EXERCISE OBJECTIVE.
With every picture left out, give the data below back exactly.

*** DATASET EXCERPT

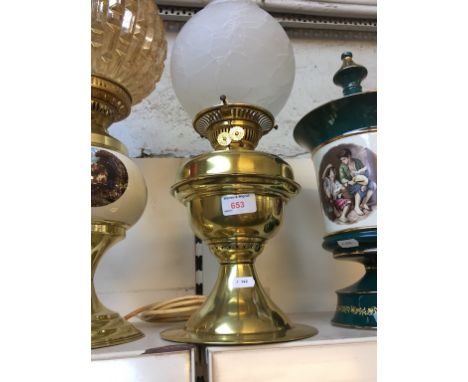 BRASS AND GLASS OIL LAMP. H45CM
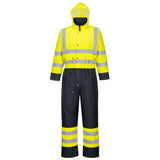 Portwest Hi Vis Contrast Winter Coverall S485 - Yellow Navy - Customisable HV Coverall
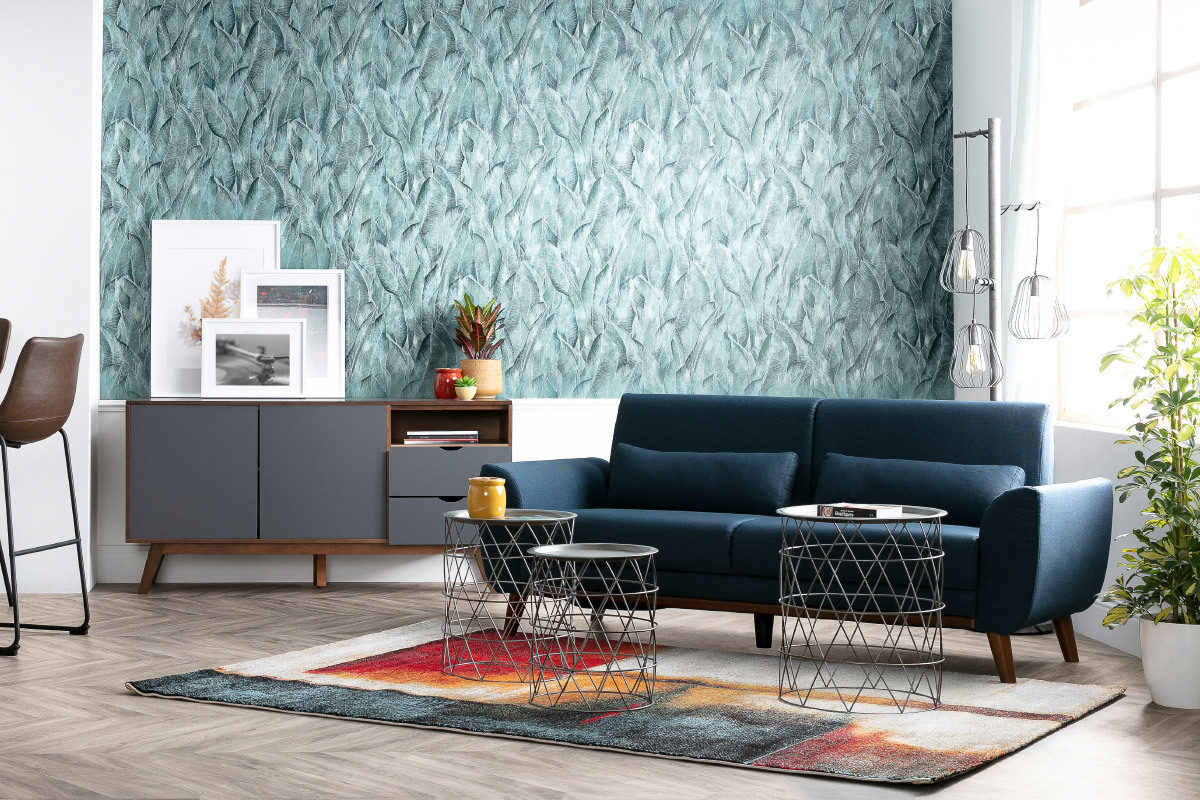 Design-Sideboard Anthrazitgrau und Nussbaum NEELA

******

TASK OUTPUT.
 BRASS AND GLASS OIL LAMP. H45CM
 Portwest Hi Vis Contrast Winter Coverall S485 - Yellow Navy - Customisable HV Coverall
 Design-Sideboard Anthrazitgrau und Nussbaum NEELA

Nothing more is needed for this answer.